## Multiple Comparisons:


When you preform a hypothesis test, or find a confidence interval, you often try to control the chance of an error. In the testing situation, the Type I error is the chance you reject the null hypothesis when the null hypothesis is true, that is, it is the chance of a false positive. One often wants that chance to be no larger than a specified level $\alpha$, e.g., $.05$. With confidence intervals, you wish that the chance the parameter of interest is covered by the interval to be at least $1-\alpha$.


Suppose there are several tests or confidence intervals begin considered simultaneously. For example, in the leprosy example, one may want confidence intervals for $\gamma_1 = (\alpha_1 + \alpha_2)/2 − \alpha_3$ and $\gamma_2 = \alpha_1 − \alpha_2$. If each confidence interval has a $0.95$ chance of covering its true value, what is the chance that both cover their true values simultaneously? It is somewhere between $0.90$ and $0.95$. Thus we can at best guarantee that there is a $0.90$ chance both are correct. The difference between $0.90$ and $0.95$ may not be a big deal, but consider more than two intervals, say 5, or 10, or 20. The chance that ten $0.95$ intervals are all correct is bounded from below by $0.50$: For twenty, the bound is $0$!

$A_i$ is true iff $$ \gamma_i \in (\gamma_i \pm t_\nu,\alpha_i/2se(\gamma_i)); P(A_i) = 1 - \alpha_i $$


Then if $1 − \alpha_0$ is the desired chance all intervals cover their parameters, we need that

$$
P(A_1 \cap A_2 \cap \dots \cap A_J) \geq 1-\alpha_0
$$

Looking at complements instead, we have that $P(\bar{A_i})=\alpha_i$ and wish to have



$$
P(\bar{A_1} \cup \bar{A_2} \cup \dots \cup \bar{A_J}) \leq \alpha_0
$$

(why?)


The probability of a union is less than or equal to the sum of probabilities, hence

$$
P(\bar{A_1} \cup \bar{A_2} \cup \dots \cup \bar{A_J})\leq \sum_{i=1}^{J}\alpha_i
$$

So how can we choose the $\alpha_i$ so that $\sum_{i}\alpha_i \leq \alpha_0$ ?


## Question 1. How do we choose individual type 1 error rates such that we get an experimentwise error rate of $\alpha_0$?


The big advantage of the Bonferroni approach is that there are no special assumptions on the relationships between the intervals. They can be any type (t, z, etc.); they can be from the same experiment or different experiments; they can be on any combination of parameters. They main drawback is the conservativeness. That is, because there is a $\geq$ in the equation, one is likely to be understating the overall coverage probability, maybe by a great deal if $J$ is large. More accurate bounds in special cases lead to smaller intervals (which is good), without violating the coverage probability bound. The next two sections deal with such cases.

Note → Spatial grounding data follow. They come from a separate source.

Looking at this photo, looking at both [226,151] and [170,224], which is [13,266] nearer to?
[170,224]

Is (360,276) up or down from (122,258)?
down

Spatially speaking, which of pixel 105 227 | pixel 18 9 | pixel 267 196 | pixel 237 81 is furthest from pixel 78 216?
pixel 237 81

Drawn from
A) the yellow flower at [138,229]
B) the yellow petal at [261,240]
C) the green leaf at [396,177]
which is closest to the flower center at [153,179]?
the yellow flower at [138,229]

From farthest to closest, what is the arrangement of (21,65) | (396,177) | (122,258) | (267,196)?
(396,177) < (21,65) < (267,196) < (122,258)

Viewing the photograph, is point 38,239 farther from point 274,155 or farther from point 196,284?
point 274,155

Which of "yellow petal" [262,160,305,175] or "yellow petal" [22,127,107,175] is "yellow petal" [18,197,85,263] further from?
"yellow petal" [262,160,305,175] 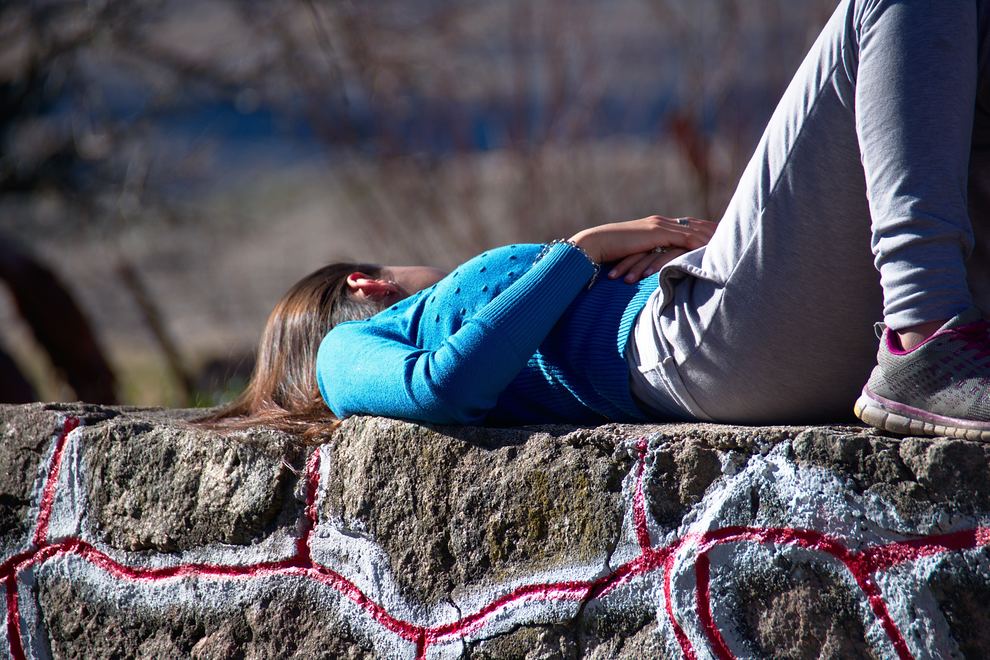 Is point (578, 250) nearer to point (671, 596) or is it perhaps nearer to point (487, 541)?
point (487, 541)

Fisher's Least Significant Difference.


1. Perform an analysis of variance to test $H_0: \mu_1 = \mu_2 = \dots = \mu_t$ against the alternative hypothesis that at least one of the means differs from the rest.
2. If there is insufficient evidence to reject $H_0$ using $F=MSB/MSW$ proceed no further.
3. If H0 is rejected, define the least significant difference (LSD) to be the observed difference between two sample means necessary to declare the corresponding population means different.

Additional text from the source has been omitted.